Deforestación y contaminación: peligro latente

El ministro de Medio Ambiente y Recursos Naturales, Jaime David Fernández  Mirabal, alertó a la población sobre la disminución significativa de las aguas como consecuencia de la deforestación  y la contaminación  de las reservas por químicos, residuos y basura.

El funcionario lanzó el grito luego de la presentación fotográfica del Parque Francis Caamaño en las verjas del Parque Independencia, donde son  exhibidas desde ayer 138 muestras del paisaje, la biodiversidad y los exclusivos ambientes naturales de esa área protegida.

Fernández Mirabal sustentó el alerta en el hecho de que en relación a los años 2007 y 2008, el nivel de pluviometría ha disminuido en casi  un 60 por ciento. Para el ministro esa situación tiene un carácter alarmante, pues se trata de  una isla donde no hay grandes reservorios. 
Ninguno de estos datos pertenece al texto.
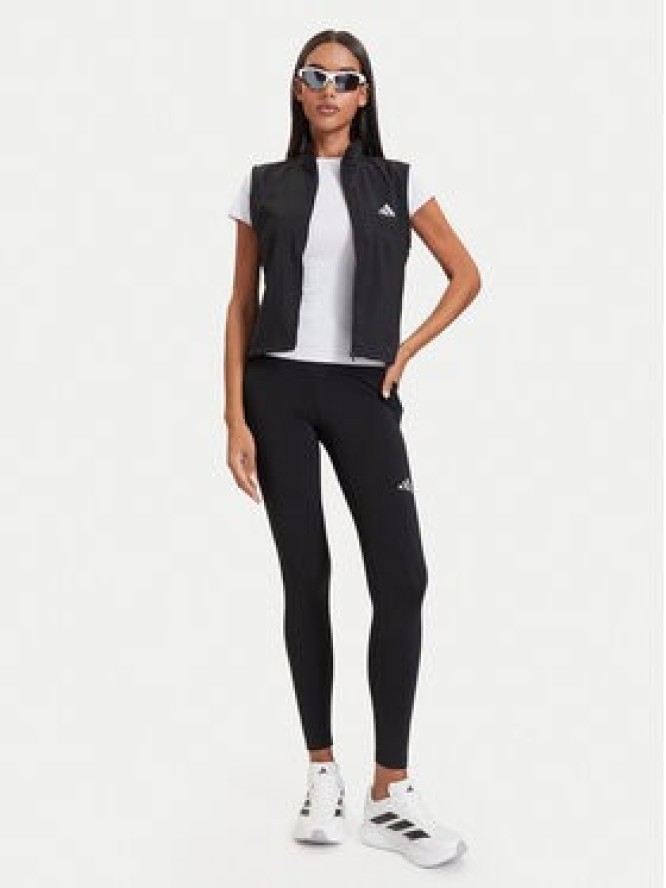 adidas Kamizelka Adi365 Running KA0263 Czarny Regular Fit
Advirtió que si no se toman las medidas urgentes para detener la degradación de los suelos, las presas y otras reservas de agua terminarán sedimentadas.

Exhortó a los dominicanos a reducir el consumo de agua, a racionar el uso de las  duchas, a lavar menos los automóviles, a cerrar las llaves mientras cepillan los dientes, y a corregir las averías en las tuberías de las casas y tomar otras medidas similares.
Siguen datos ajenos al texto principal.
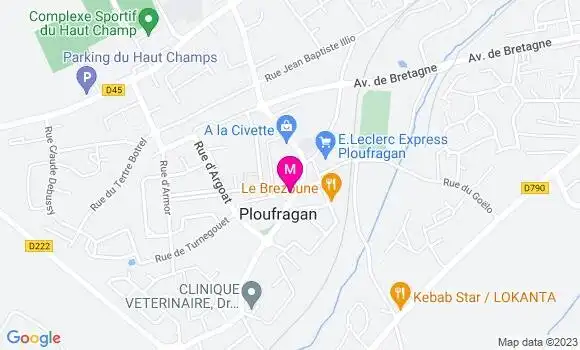 Localisation Restaurant  Le Grain de Sel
Previno que,  de lo contrario, el vital líquido se terminará  si se produce una larga sequía.

El ministro de Medio Ambiente  lamentó que por más que las autoridades vigilen los ríos y demás reservas de agua, persista la tumba de árboles en las cuencas hidrográficas.

Fustigó también que las  fábricas continúen  lanzando sus químicos a los ríos de manera indiscriminada.

Ejemplo a la vista

El ejemplo más cercano está en Santo Domingo con los ríos Ozama e Isabela, que a pesar del esfuerzo del Ayuntamiento del Distrito Nacional (ADN) de sacar miles de toneladas de basura de la margen occidental de ambas fuentes, las empresas siguen vertiendo sus químicos, y en la parte oriental no se toman medidas similares. Insta a la población a sembrar más árboles, antes de que sea demasiado tarde.